Data extracted from a collection
------------------------
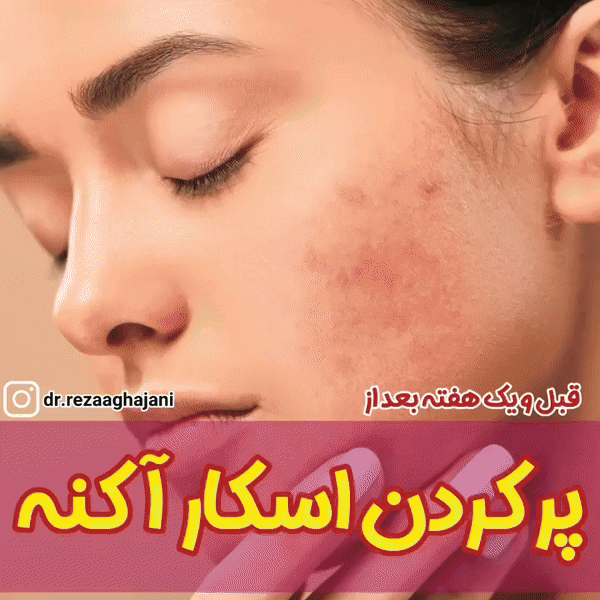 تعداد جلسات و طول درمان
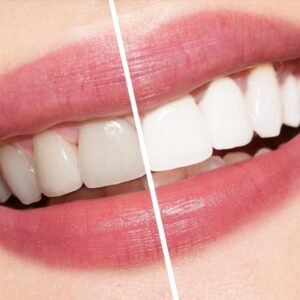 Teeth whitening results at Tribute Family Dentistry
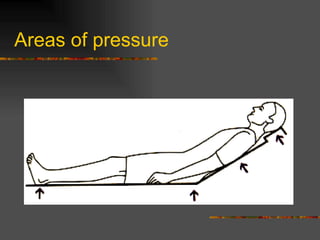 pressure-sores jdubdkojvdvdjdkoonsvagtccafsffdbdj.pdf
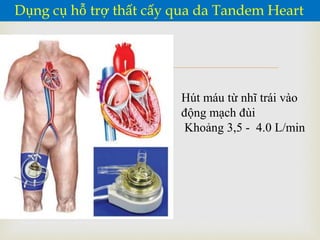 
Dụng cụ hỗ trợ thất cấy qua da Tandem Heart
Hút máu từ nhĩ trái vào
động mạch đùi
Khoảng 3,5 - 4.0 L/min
------------------------
THE PROBLEM:
Please ensure that the data above is repeated exactly, with no pictures in the copy.

TASK RESPONSE:
 تعداد جلسات و طول درمان
 Teeth whitening results at Tribute Family Dentistry
 pressure-sores jdubdkojvdvdjdkoonsvagtccafsffdbdj.pdf
 
Dụng cụ hỗ trợ thất cấy qua da Tandem Heart
Hút máu từ nhĩ trái vào
động mạch đùi
Khoảng 3,5 - 4.0 L/min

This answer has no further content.